I shopped, I wrapped, I smiled, we took so many pictures, we laughed, and most of all we didn’t really cry! As each passing day came and went things were really starting to settle in.
Work is chugging along and finding that groove and fast pace again was making everything seem more like home. That light keeps beaming and showing it self telling me that I can juggle it all, that this will be a success and I can do it.
Have you ever wished a Christmas wish.. Well I never had until this year but all I kept wishing and dreaming for was for happiness and what was best for my son. I want to give him the world and show him all the great things he can achieve and that means fighting and pushing for the best for him. That is a battle that will never end, it will change direction and pace but it will be a life long journey.

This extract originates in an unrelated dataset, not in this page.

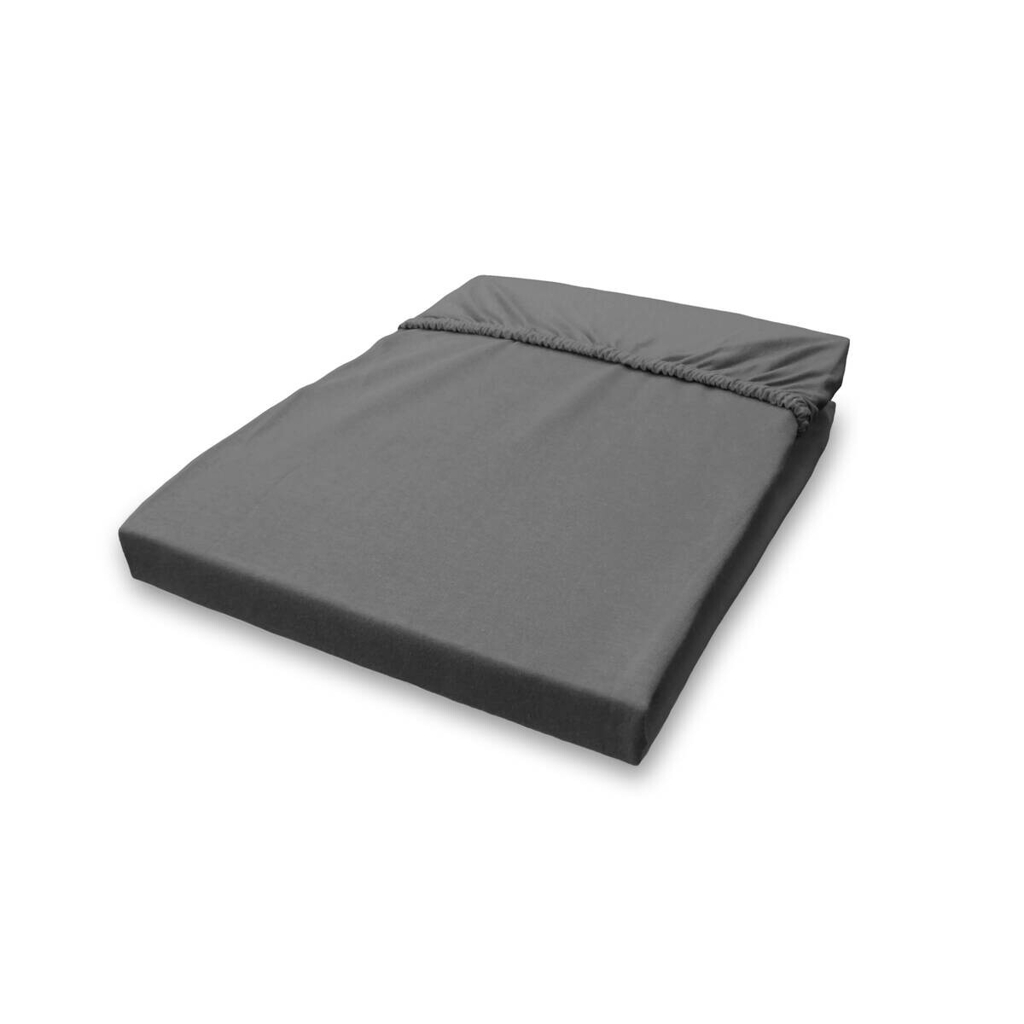 Jersey Spannbetttuch Graphit Baumwolle B/H/L: ca. 180x28x200 cm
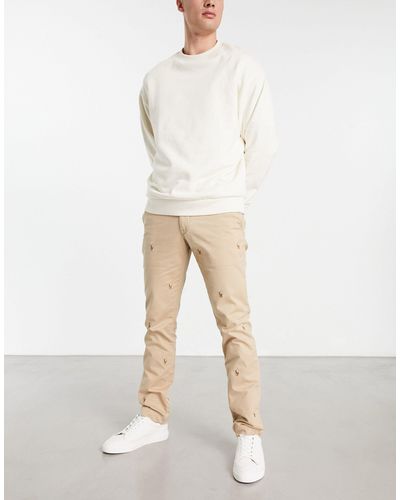 Polo Ralph Lauren All Over Pony Logo Slim Fit Chinos - Natural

Being able to provide and live the life that I see for us means finding that happiness, pushing myself to be the best possible person at work, and always remember his needs and wants. There will never be a day that those priorities aren’t clear and in my sights.
Make plans, write goals, believe, have faith, but most of all push! Each day is a push for a better life, each day is a new opportunity. Going through such life changes you really have to remember that you are given a new opportunity each and every day so you must use it to your full advantage!
Never once did I realize it would get as hard as it was about to get. Even though I was finding and feeling this great amount of happiness, that wasn’t okay to some and I soon would feel their push backs.
You must continue to believe and push!